Reposted from The Art Newspaper
A new survey of more than 750 museum directors in the US has confirmed that one out of three institutions may shut down permanently as a result of financial troubles related to the coronavirus pandemic, the American Alliance of Museums (AAM) reported today.
The survey data, collected throughout the month of June, verifies early projections of the economic damage wrought by the shutdowns of thousands of museums across the country since March to limit contagion and by the loss of aid from donors and governments.
The survey found that 33% of museum directors believed there was a “significant risk” of closing permanently or that they “didn’t know” if they would survive the economic crisis.
The closures obliterated ticket, gift-shop, event-rental and other income on which their institutions depend, and after reopening museums are expected to draw far fewer visitors than they did before the pandemic.
“Museum revenue disappeared overnight when the pandemic closed all cultural institutions, and sadly, many will never recover,” says Laura Lott, the president and chief executive of the museum alliance. “Even with a partial reopening in the coming months, costs will outweigh revenue and there is no financial safety net for many museums.”
She adds: “The permanent closure of 12,000 museums will be devastating for communities, economies, education systems and our cultural history.”
The data showed that 87% of museums have 12 months or less remaining in their operating reserves, and that 56% have enough to operate for less than six months. Around 64% of directors predicted reductions in education, programming or other services to the public due to significant budget cuts.
A total of 37% of respondents expected to lose 21 to 40% of their operating income this year, while 30% expected to lose up to 20%, 22% expected to lose 41 to 60% and 10% expected to lose 61 to 80%.
The survey drew on a broad cross section of museums. Of the institutions surveyed, 31% were history museums or historical societies, 20% were art museums and 12% were historic houses or historic sites. Children’s, science and technology, natural history and other categories like aboretums, zoos, aquariums and specialised museums made up the remainder.
The largest share of the respondents, 17%, had operating expenses of $1m to $3m, followed by 14% with $500,001 to $1m, 14% with $100,001 to $250,000 and 13% with $3m to $10m.
Lott says that the museums at greatest risk include children’s museums and science centers, 40 to 50 percent of which are unsure whether they can survive. “They’re very reliant on ticket income and very tactile,” which presents challenges for operating safely during the coronavirus pandemic, she notes. Midsize museums with operating budgets in the $5m to $10m range are in many cases at peril as well, she adds, because “they were trying to expand their profile and punching above their weight and operating on thin margins.”

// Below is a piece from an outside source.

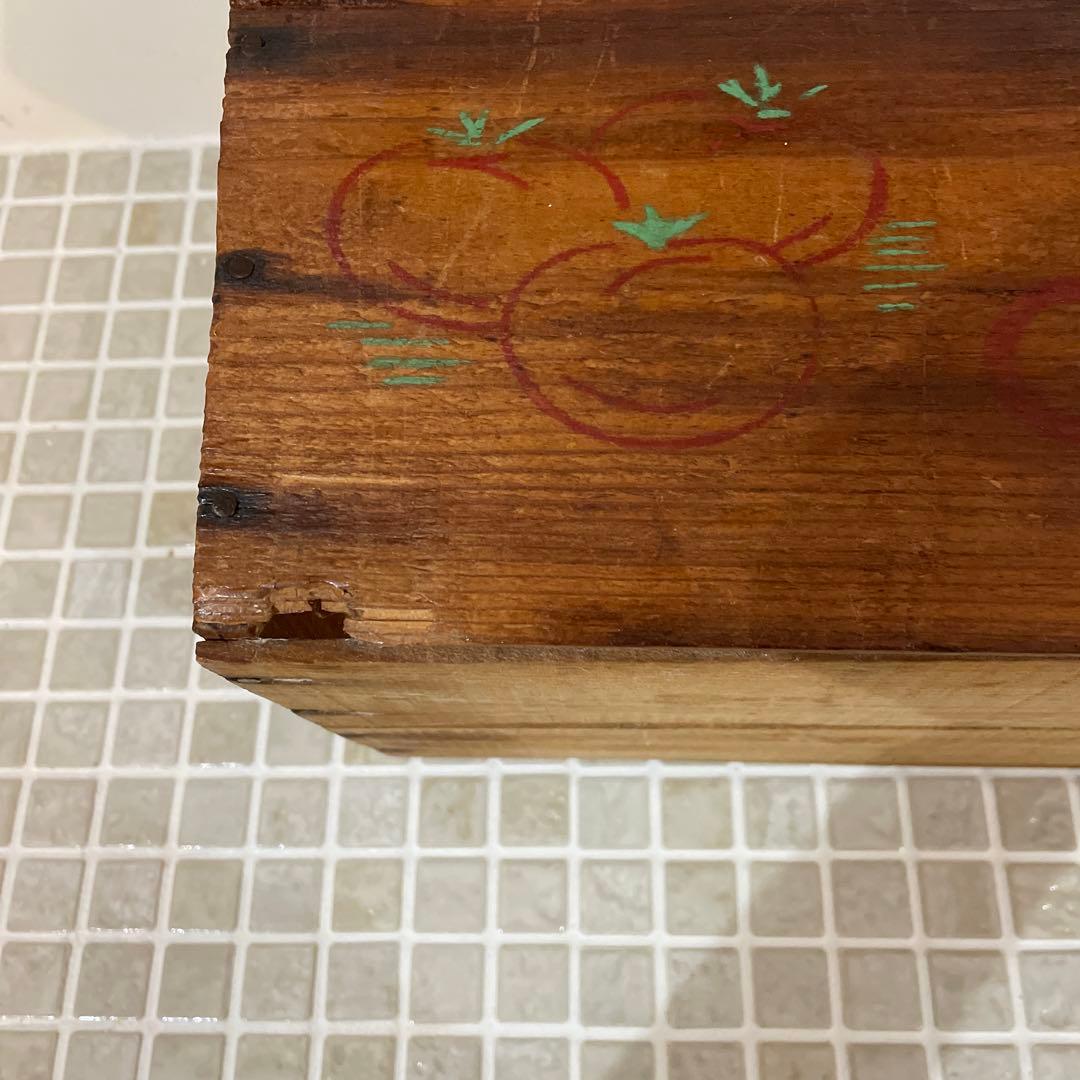 アンティーク　トマトボックス　木箱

The overwhelming majority of the museums had reopened or planned to do so by the end of July: 15% in May, 42% in June and 27% in July. Yet some openings have been reversed by the recent leap in coronavirus cases in states including Arizona, Texas, California and Florida, Lott notes: The Arizona Science Center in Phoenix, for example, closed again after the state experienced a surge in coronavirus cases and hospitalisations, she says.
The survey found that 56% of the museums had not furloughed or laid off any staff members. However, 26% had furloughed part-time employees, 16% had laid off part-time employees, 15% had furloughed full-timers and 11% had laid off full-timers. Altogether, 41% had reopened or foresaw reopening with reduced staff and another 10% said they were not sure they could maintain their staff numbers.

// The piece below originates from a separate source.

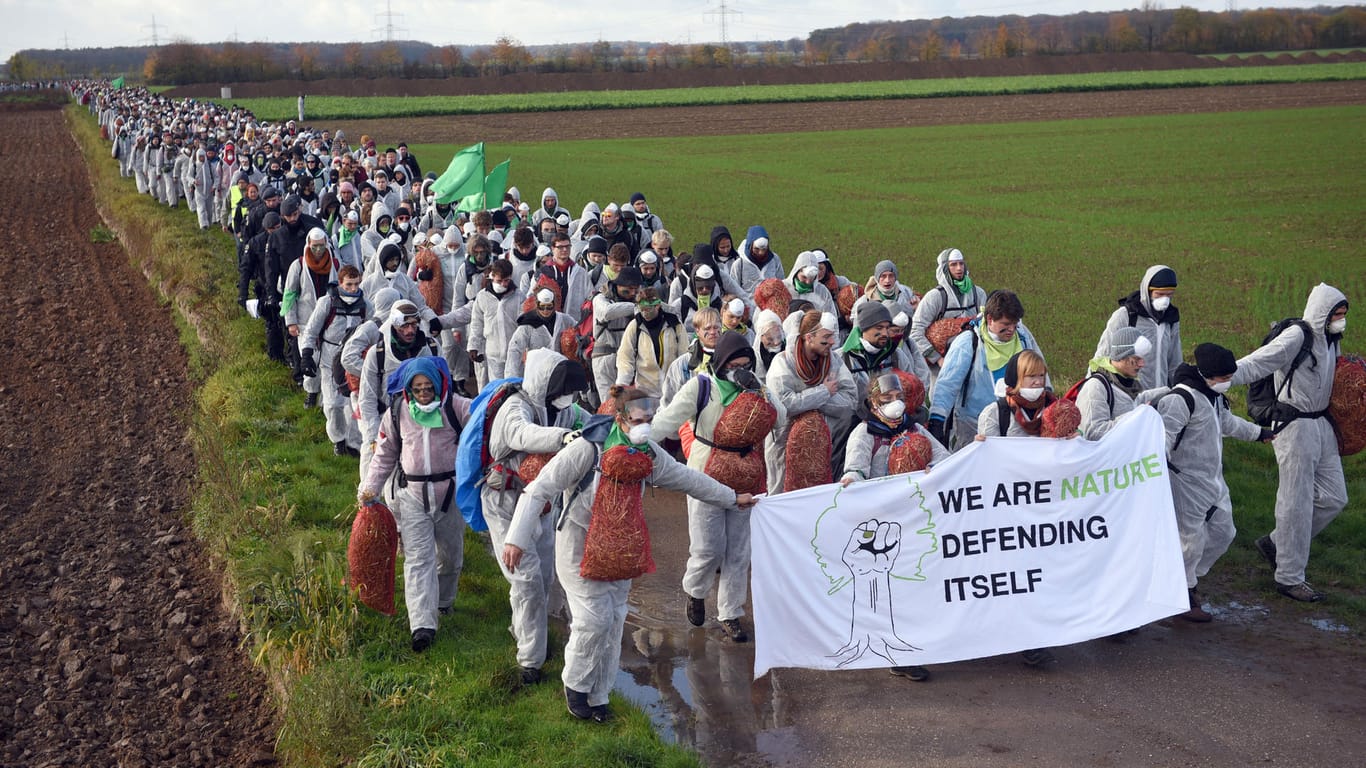 Aktionsbündnis "Ende Gelände": Kampf für den Klimaschutz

In a positive sign, the survey demonstrated how US museums have resolved to serve their constituencies online during their closures and community lockdowns. A total of 75% of museum directors reported that their institutions had provided educational resources to children, parents and teachers while they were closed, and 64% provided entertainment and other activities. Video lectures were provided by 60%, educational resources for college students were furnished by 54% and enhanced access to digitised collection resources were provided by 43%. “The bright spot is that museums leapt into action in March and found ways to deliver on their mission,” says Lott.
The survey could prove indispensable as the AAM lobbies for increased government aid to cultural institutions. The alliance points out that museums support 726,000 direct and indirect jobs and contribute $50bn a year to the US economy.
“For all of the wonderful things that they provide in terms of respite and inspiration and trustworthy information, they [also] are a major part of our economy,” Lott says, “and vital to people getting out into neighbourhoods” and spending.
Among other requests, the museum alliance is pressing Congress for an extension and expansion of Payroll Protection Program (PPP) loans, which have helped museums to fund salaries and benefits during the crisis; asking that it direct the Federal Reserve to quickly finalise a nonprofit lending mechanism that can accommodate mid-size nonprofits that were excluded from the PPP program; and to allocate $6bn in aid for museums that would go toward general operating support, helping to develop distance-learning content, and physical improvements to protect employees and visitors from the Covid-19 virus.
The survey was conducted by the New Hampshire polling firm Dynamic Benchmarking at no charge to the AAM.